In [18]:
from speech2label_classes import LSTMSpeechRecognizer, SpeechDataset
import os
import json
import torch
import torch.nn as nn
from torch.utils.data import Dataset, DataLoader, random_split
from torch.nn.utils.rnn import pad_sequence
import librosa

model_output_dir = "./trained"

In [19]:
# --- Гиперпараметры ---
input_dim = 128  # Размерность MFCC
hidden_dim = 2048  # Увеличение размерности скрытых слоев
output_dim = 30  # Количество классов
batch_size = 1  # Размер пакета
learning_rate = 0.000001
num_epochs = 3  # Увеличиваем количество эпох для более глубокого обучения

device = torch.device("cpu")
model = LSTMSpeechRecognizer(input_dim, hidden_dim, output_dim).to(device)
model.load_state_dict(torch.load(os.path.join(model_output_dir, "lstm_speech.pth")))
model.eval()  # Переключаем модель в режим оценки

  model.load_state_dict(torch.load(os.path.join(model_output_dir, "lstm_speech.pth")))


LSTMSpeechRecognizer(
  (lstm): LSTM(128, 2048, batch_first=True, bidirectional=True)
  (fc1): Linear(in_features=4096, out_features=2048, bias=True)
  (fc2): Linear(in_features=2048, out_features=30, bias=True)
  (dropout): Dropout(p=0.5, inplace=False)
)

In [20]:
def convert_texts_to_labels(texts):
    unique_texts = list(set(texts))
    text_to_index = {text: index for index, text in enumerate(unique_texts)}
    labels = [text_to_index[text] for text in texts]
    return torch.tensor(labels, dtype=torch.long)

def extract_mfcc(audio_path):
    """Извлекает MFCC из аудиофайла."""
    try:
        waveform, sample_rate = librosa.load(audio_path, sr=16000)
        mfcc = librosa.feature.mfcc(y=waveform, sr=sample_rate, n_mfcc=input_dim)
        return mfcc.T  # Транспонируем для удобства
    except Exception as e:
        print(f"Error loading audio: {audio_path}, Error: {e}")
        return None 

# --- Тестирование модели ---
def test_model(model, test_loader, criterion):
    model.eval()  # Переключаем модель в режим оценки
    test_loss = 0
    test_correct = 0
    test_total = 0

    with torch.no_grad():  # Отключаем градиенты для тестирования
        for batch_idx, (mfcc, texts) in enumerate(test_loader):
            if mfcc is None:
                continue

            mfcc = mfcc.to(device)
            labels = convert_texts_to_labels(texts).to(device)

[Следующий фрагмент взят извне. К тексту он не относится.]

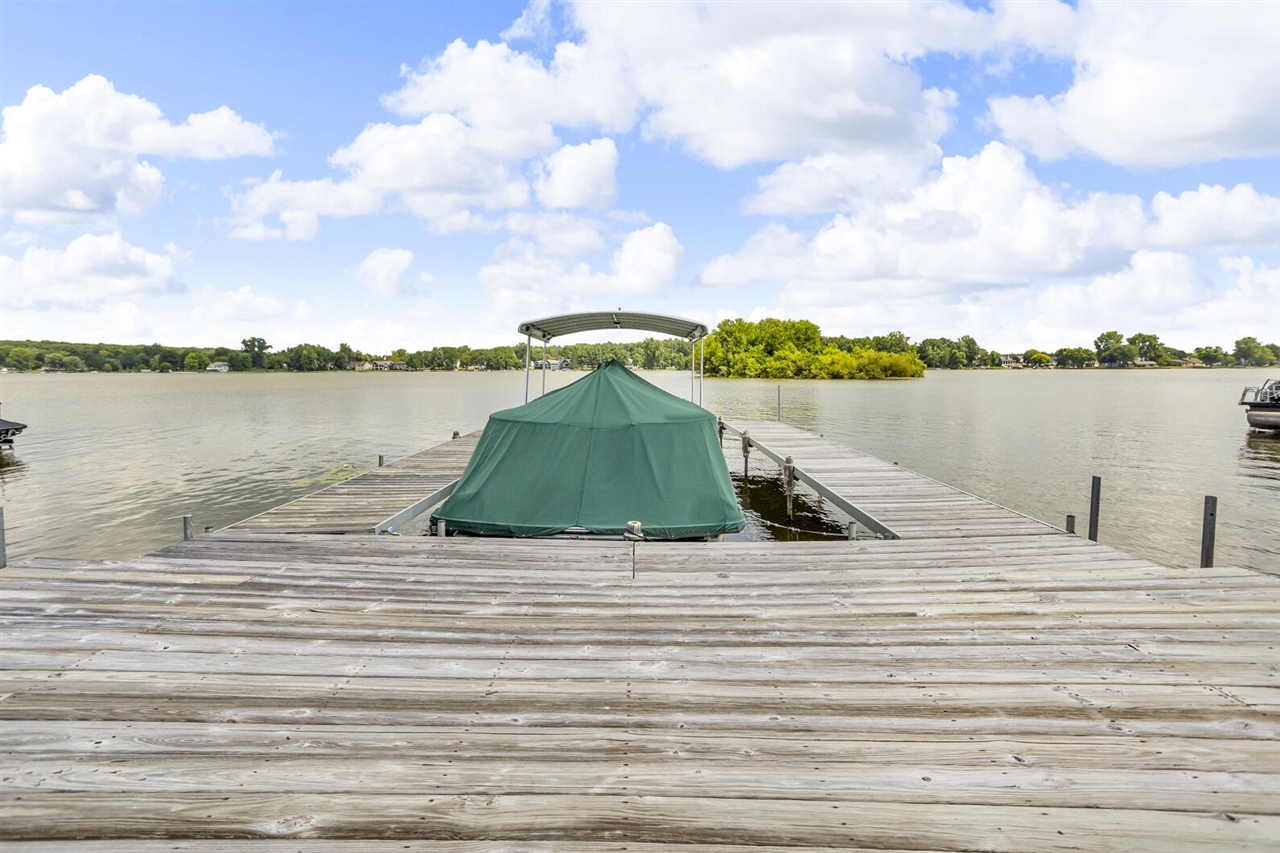 7596 Wadding Drive, Onsted, MI, 49265-9418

            outputs = model(mfcc)
            loss = criterion(outputs, labels)

            test_loss += loss.item()
            _, predicted = torch.max(outputs, 1)
            test_total += labels.size(0)
            test_correct += (predicted == labels).sum().item()

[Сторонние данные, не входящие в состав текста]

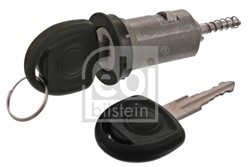 Lock Cylinder, ignition lock FE18167_2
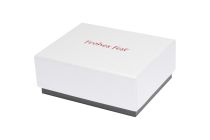 Christmas gift box "Gera"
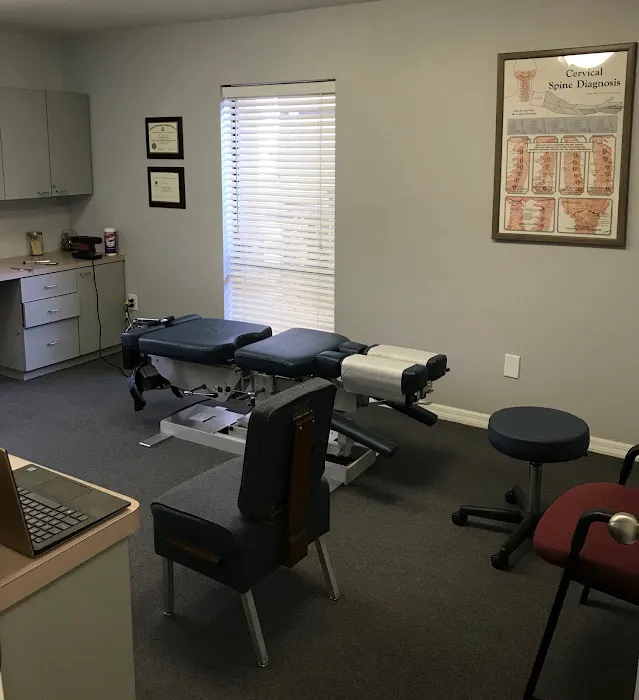 Feel Good Chiropractic Picture 5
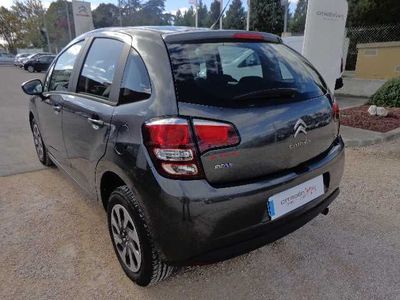 Citroën C3 II BlueHDi 75 Confort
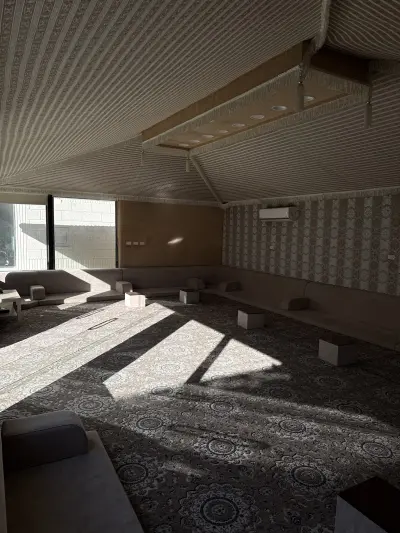 صورة ٥، استراحة طوبى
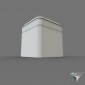 can IKEA Blomning 23112 small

    test_epoch_loss = test_loss / len(test_loader)
    test_epoch_accuracy = test_correct / test_total
    print(f"Test Loss: {test_epoch_loss:.4f}, Test Accuracy: {test_epoch_accuracy:.4f}")
    
def pad_collate(batch):
    mfccs, texts = zip(*batch)
    mfccs = [m for m in mfccs if m is not None]
    if len(mfccs) == 0:
        return None, None
    mfccs_padded = pad_sequence(mfccs, batch_first=True, padding_value=0.0)
    return mfccs_padded, texts

audio_folder_clear = './dataset/hr_bot_synt'
json_file_clear = './dataset/annotation/hr_bot_synt.json'
criterion = nn.CrossEntropyLoss()

In [21]:

# Создание тестового набора на чистых данных
test_dataset = SpeechDataset(audio_folder_clear, json_file_clear, transform=extract_mfcc)
test_dataset = [test_dataset[i] for i in range(20)]
test_loader = DataLoader(test_dataset, batch_size=batch_size, shuffle=False, collate_fn=pad_collate)

# Тестирование модели
test_model(model, test_loader, criterion)

Test Loss: 0.0222, Test Accuracy: 1.0000